In a few places throughout the second edition of his landmark book, Mark Johnson suggests that the field of developmental cognitive neuroscience has matured from infancy to toddlerhood. This book, then, is a sort of biography, from the field’s theoretical ancestry in 17th century debates between “vitalists” and “preformationalists” to current (and in some ways similar) debates between nativists and empiricists. In between, Johnson expertly covers everything from prenatal cortical differentiation to developmental change in the distributions of various neuromodulators, to the development of simple oculomotor function, to prefrontal processes supporting object permanence. Johnson draws from genetic, neuroimaging and behavioral research, postmortem analysis of developing human brains, various neural network models, and even in vitro experiments with a variety of brain tissues.
Along the way, Johnson analyzes how each aspect of functional brain development can be accounted for by three basic views. One, which he terms the “maturational” view, supposes that brain development is largely pre-determined by genes, and further that these neural changes can be directly related to cognitive change. A second contrasting view, which Johnson terms the “skill learning” view, supposes that the mechanisms guiding cognitive development are similar or identical to those guiding skill acquisition in adults. Finally, a third view – which Johnson calls “interactive specialization” – represents a fusion of the previous two perspectives. According to this perspective, broad patterns of connectivity are innately specified, but the ultimate computations supported by brain regions rely on an interaction between maturational processes and neural activity resulting from experience throughout a variety of neural networks.

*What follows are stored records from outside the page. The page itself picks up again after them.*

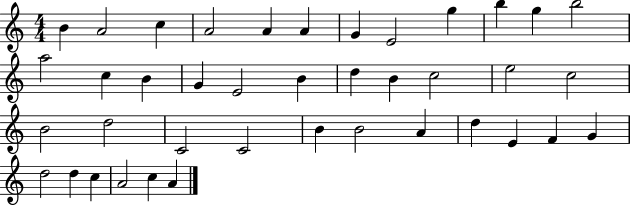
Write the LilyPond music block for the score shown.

{
  \clef treble
  \numericTimeSignature
  \time 4/4
  \key c \major
  b'4 a'2 c''4 | a'2 a'4 a'4 | g'4 e'2 g''4 | b''4 g''4 b''2 | \break a''2 c''4 b'4 | g'4 e'2 b'4 | d''4 b'4 c''2 | e''2 c''2 | \break b'2 d''2 | c'2 c'2 | b'4 b'2 a'4 | d''4 e'4 f'4 g'4 | \break d''2 d''4 c''4 | a'2 c''4 a'4 | \bar "|."
}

Although this tripartite framework necessarily simplifies the theoretical debates surrounding each topic, it has many advantages as a rhetorical device. For example, the tone of the book is noticeably more conversational than the didactic quality of other textbooks which avoid controversial issues altogether (or perhaps worse, present just a single interpretation as fact). Secondly, this framework gives the book a strong coherence, despite the wide variety of methodologies, levels of analysis, and topics reviewed throughout. This leads to a polished work equally suited to the graduate classroom as to the libraries of interested laypeople.

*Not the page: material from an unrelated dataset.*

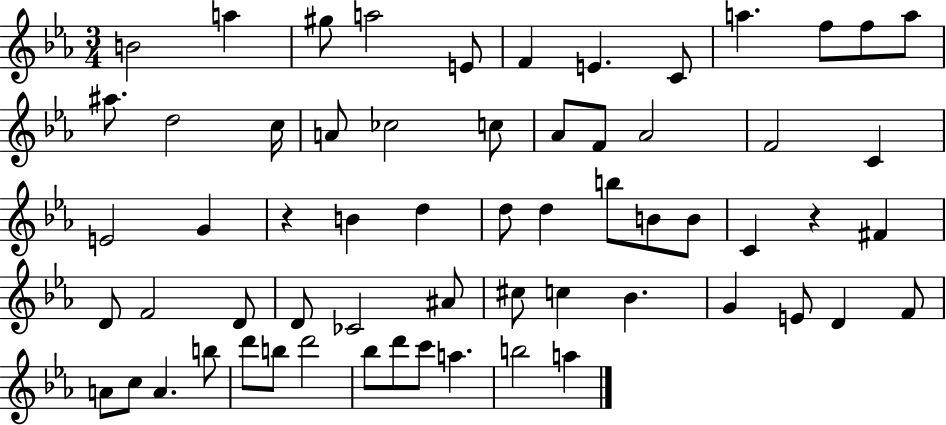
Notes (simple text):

B4/h A5/q G#5/e A5/h E4/e F4/q E4/q. C4/e A5/q. F5/e F5/e A5/e A#5/e. D5/h C5/s A4/e CES5/h C5/e Ab4/e F4/e Ab4/h F4/h C4/q E4/h G4/q R/q B4/q D5/q D5/e D5/q B5/e B4/e B4/e C4/q R/q F#4/q D4/e F4/h D4/e D4/e CES4/h A#4/e C#5/e C5/q Bb4/q. G4/q E4/e D4/q F4/e A4/e C5/e A4/q. B5/e D6/e B5/e D6/h Bb5/e D6/e C6/e A5/q. B5/h A5/q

In general, the book is skewed towards infancy; accordingly, the visual system is covered in detail while much less space is allocated to the development of higher-level cognition and explicit memory. On the other hand, Johnson’s treatment of early social cognition is particularly impressive and wide-ranging, covering topics from parental “imprinting” in chicks to the development of face recognition, gaze-tracking, and ultimately theory of mind. Johnson notes that an introductory text such as this is necessarily selective, but the analytical depth of what is covered more compensates for this in my view. Furthermore, Johnson recommends additional readings for nearly every major point, which provides a great starting point for readers interested in learning more about a specific topic.

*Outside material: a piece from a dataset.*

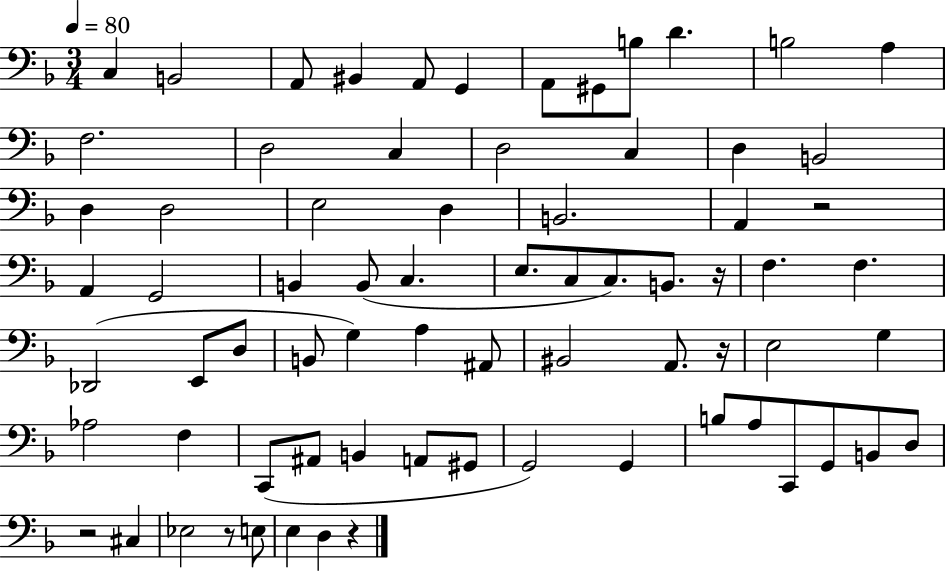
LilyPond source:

This book is likely to be enjoyed by dedicated laypeople, new graduate students, and research professionals alike, thanks to Johnson’s knack for explaining even complex topics at an easily-understood level of detail. Unlike many popular science books, this more academic text steers clear of over-generalization, instead carefully explaining the evidence used to support each argument. Johnson’s Developmental Cognitive Neuroscience comes highly recommended as an introductory textbook to this exciting new field.